▶ _DATA_
- Opening Delimiter -
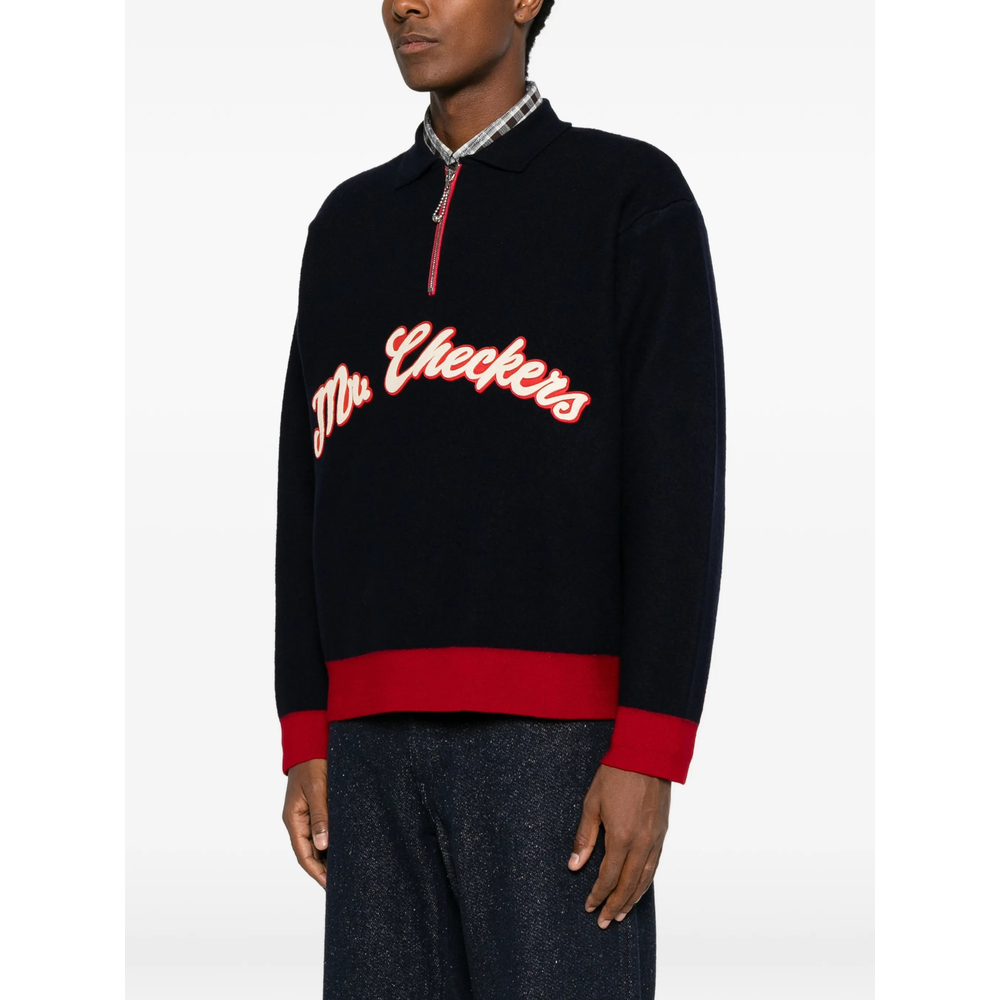 Logo-Patch Quarter-Zip Sweater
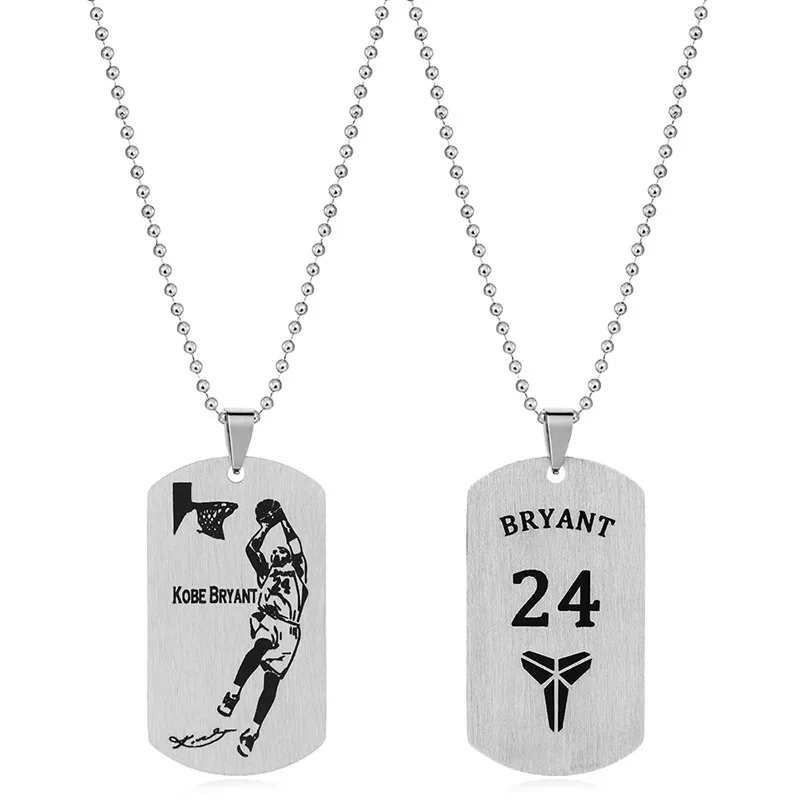 

HONGTONG Factory Outlet Amazon Hot Sale Basketball Star Army Brand Logo Souvenir Stainless Steel Necklace, Picture shows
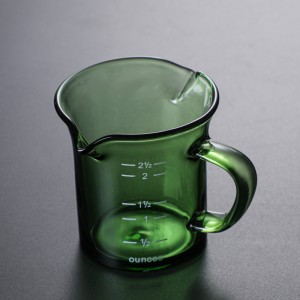Double spout milk cup coffee milk cup coloured glass coffee cup milk cup espresso glass coffee measuring cups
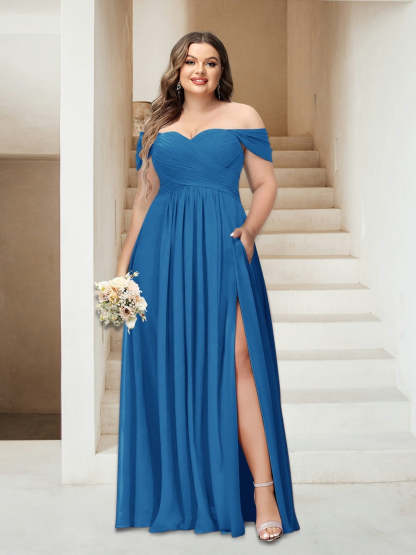 Plus Size Sleeveless Chiffon Bridesmaid Dresses with Pockets in A-Line/Princess Off-the-Shoulder Style-BMbridal.UK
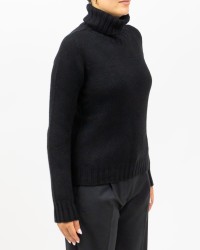 Aragona - Women's Black Cashmere Turtleneck Sweater D3232TF 101 NERO I25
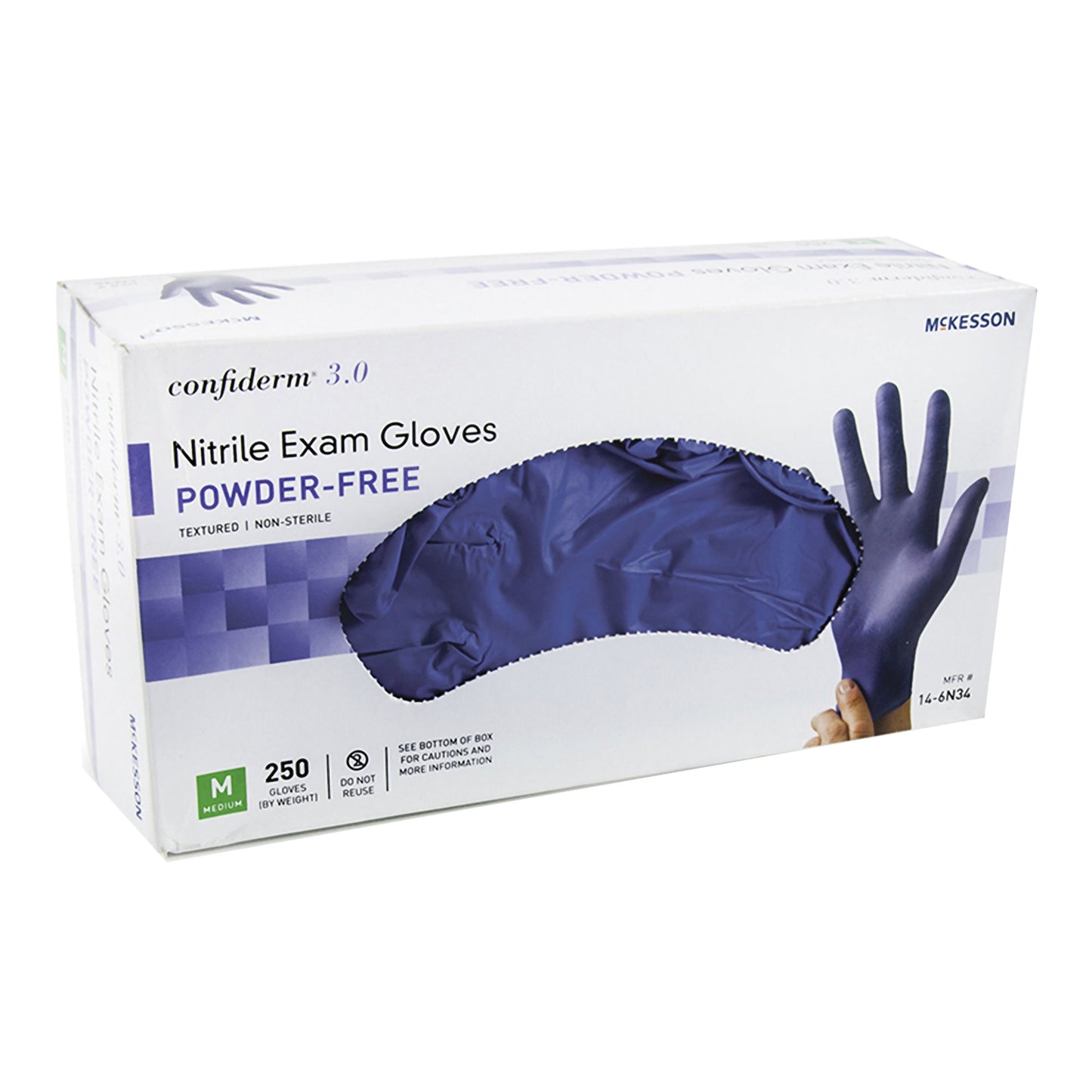 McKesson Confiderm® 4.5C Nitrile Exam Glove, Medium, Blue 14-6N34
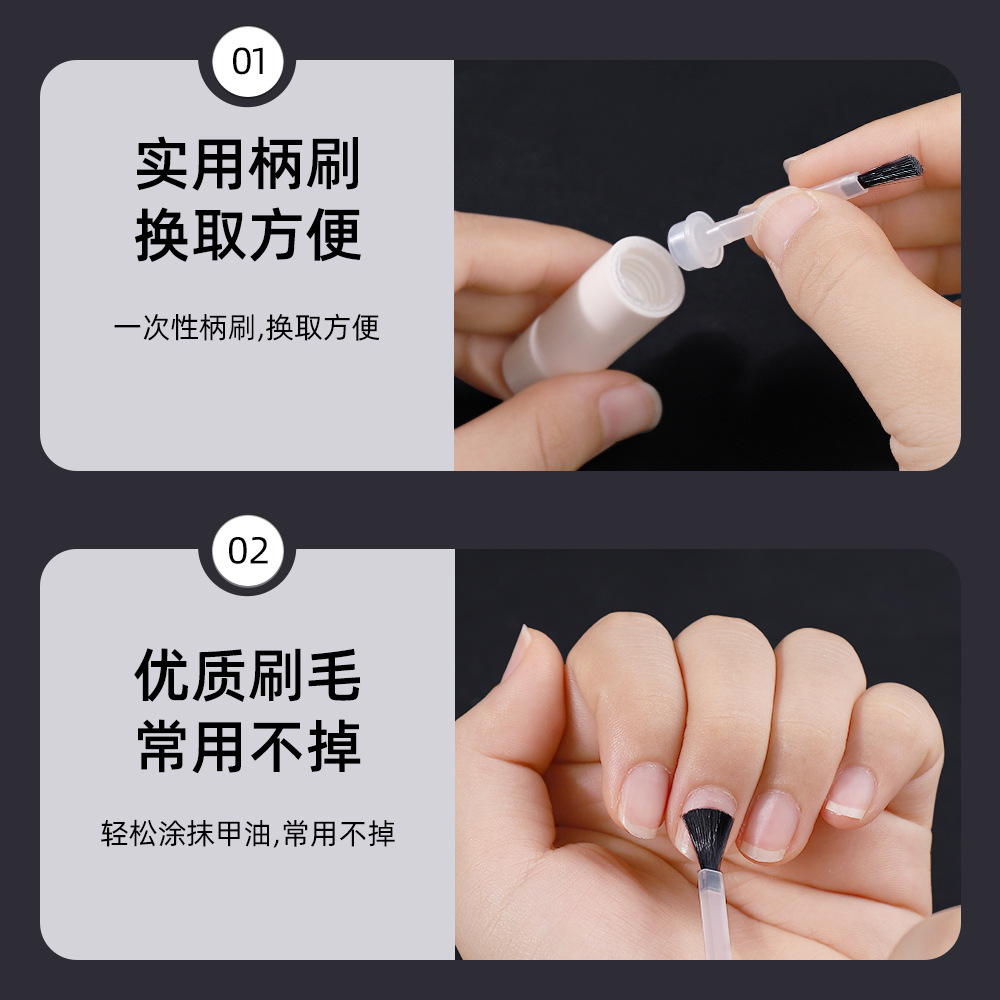 Nueva manicura con mango desechable cabeza plana cepillo de aceite de uñas desmontaje conveniente manicura herramienta desechable especial traje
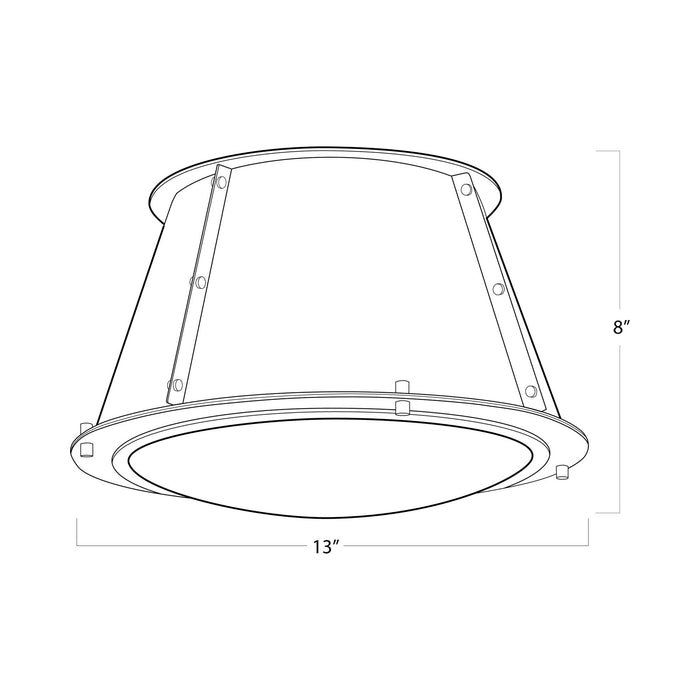 French Flush Mount Ceiling Light - line drawing.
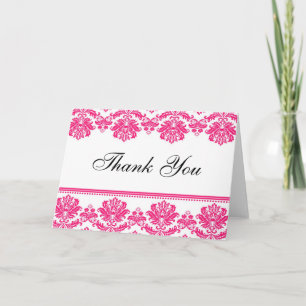 Roze Damast Dankjewelkaarten Bedankkaart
- Closing Delimiter -
▶ _TASK DETAILS_
Repeat each line of the listing word for word, from the first through the line that contains "Aragona - Women's". Any picture stays out.

▶ _EXERCISE OUTPUT_
 Logo-Patch Quarter-Zip Sweater

HONGTONG Factory Outlet Amazon Hot Sale Basketball Star Army Brand Logo Souvenir Stainless Steel Necklace, Picture shows
Double spout milk cup coffee milk cup coloured glass coffee cup milk cup espresso glass coffee measuring cups
 Plus Size Sleeveless Chiffon Bridesmaid Dresses with Pockets in A-Line/Princess Off-the-Shoulder Style-BMbridal.UK
 Aragona - Women's Black Cashmere Turtleneck Sweater D3232TF 101 NERO I25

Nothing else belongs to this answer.